Only the lines from the start of the entries through the line with "薄い緑色の陶器 花瓶セット 信楽焼" are wanted; please output them exactly.

Records for processing -
● ● ● ●

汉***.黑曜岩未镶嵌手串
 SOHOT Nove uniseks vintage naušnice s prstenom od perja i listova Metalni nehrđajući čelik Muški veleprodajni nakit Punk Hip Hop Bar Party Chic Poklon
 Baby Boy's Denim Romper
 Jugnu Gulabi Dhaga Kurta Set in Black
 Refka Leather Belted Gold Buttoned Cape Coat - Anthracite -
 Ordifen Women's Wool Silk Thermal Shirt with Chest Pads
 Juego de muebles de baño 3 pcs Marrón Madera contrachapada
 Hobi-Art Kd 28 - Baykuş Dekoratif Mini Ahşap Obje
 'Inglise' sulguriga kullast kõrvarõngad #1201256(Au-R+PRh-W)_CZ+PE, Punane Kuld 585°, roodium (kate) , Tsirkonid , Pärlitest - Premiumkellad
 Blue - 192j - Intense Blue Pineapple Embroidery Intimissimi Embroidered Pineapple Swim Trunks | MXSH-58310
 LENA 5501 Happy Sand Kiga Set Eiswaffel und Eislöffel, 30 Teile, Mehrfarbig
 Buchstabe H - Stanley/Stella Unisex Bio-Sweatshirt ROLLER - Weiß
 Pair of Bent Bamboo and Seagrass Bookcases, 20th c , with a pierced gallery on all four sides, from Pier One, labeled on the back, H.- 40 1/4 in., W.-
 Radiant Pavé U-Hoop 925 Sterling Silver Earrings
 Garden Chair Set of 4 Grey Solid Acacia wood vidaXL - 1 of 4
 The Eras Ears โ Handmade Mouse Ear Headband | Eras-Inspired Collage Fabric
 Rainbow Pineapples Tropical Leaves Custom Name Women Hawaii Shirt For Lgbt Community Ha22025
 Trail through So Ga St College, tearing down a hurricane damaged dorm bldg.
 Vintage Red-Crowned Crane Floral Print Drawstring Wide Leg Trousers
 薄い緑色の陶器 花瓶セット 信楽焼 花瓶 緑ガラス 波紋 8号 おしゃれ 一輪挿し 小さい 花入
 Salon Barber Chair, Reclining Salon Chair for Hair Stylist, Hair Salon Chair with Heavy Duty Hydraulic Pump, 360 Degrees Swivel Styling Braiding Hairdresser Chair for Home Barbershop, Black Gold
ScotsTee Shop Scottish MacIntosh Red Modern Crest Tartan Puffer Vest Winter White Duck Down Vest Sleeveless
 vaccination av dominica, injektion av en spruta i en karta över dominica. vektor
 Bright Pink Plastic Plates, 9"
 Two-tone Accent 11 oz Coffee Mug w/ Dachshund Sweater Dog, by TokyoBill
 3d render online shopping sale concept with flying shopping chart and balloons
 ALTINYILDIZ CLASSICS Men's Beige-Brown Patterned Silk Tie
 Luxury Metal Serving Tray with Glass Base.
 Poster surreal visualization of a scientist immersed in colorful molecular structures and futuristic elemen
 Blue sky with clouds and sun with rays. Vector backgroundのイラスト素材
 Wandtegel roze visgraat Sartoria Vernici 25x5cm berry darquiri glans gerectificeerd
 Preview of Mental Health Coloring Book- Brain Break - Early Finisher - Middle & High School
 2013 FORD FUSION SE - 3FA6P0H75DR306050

● ● ● ●

Worked solution -
汉***.黑曜岩未镶嵌手串
 SOHOT Nove uniseks vintage naušnice s prstenom od perja i listova Metalni nehrđajući čelik Muški veleprodajni nakit Punk Hip Hop Bar Party Chic Poklon
 Baby Boy's Denim Romper
 Jugnu Gulabi Dhaga Kurta Set in Black
 Refka Leather Belted Gold Buttoned Cape Coat - Anthracite -
 Ordifen Women's Wool Silk Thermal Shirt with Chest Pads
 Juego de muebles de baño 3 pcs Marrón Madera contrachapada
 Hobi-Art Kd 28 - Baykuş Dekoratif Mini Ahşap Obje
 'Inglise' sulguriga kullast kõrvarõngad #1201256(Au-R+PRh-W)_CZ+PE, Punane Kuld 585°, roodium (kate) , Tsirkonid , Pärlitest - Premiumkellad
 Blue - 192j - Intense Blue Pineapple Embroidery Intimissimi Embroidered Pineapple Swim Trunks | MXSH-58310
 LENA 5501 Happy Sand Kiga Set Eiswaffel und Eislöffel, 30 Teile, Mehrfarbig
 Buchstabe H - Stanley/Stella Unisex Bio-Sweatshirt ROLLER - Weiß
 Pair of Bent Bamboo and Seagrass Bookcases, 20th c , with a pierced gallery on all four sides, from Pier One, labeled on the back, H.- 40 1/4 in., W.-
 Radiant Pavé U-Hoop 925 Sterling Silver Earrings
 Garden Chair Set of 4 Grey Solid Acacia wood vidaXL - 1 of 4
 The Eras Ears โ Handmade Mouse Ear Headband | Eras-Inspired Collage Fabric
 Rainbow Pineapples Tropical Leaves Custom Name Women Hawaii Shirt For Lgbt Community Ha22025
 Trail through So Ga St College, tearing down a hurricane damaged dorm bldg.
 Vintage Red-Crowned Crane Floral Print Drawstring Wide Leg Trousers
 薄い緑色の陶器 花瓶セット 信楽焼 花瓶 緑ガラス 波紋 8号 おしゃれ 一輪挿し 小さい 花入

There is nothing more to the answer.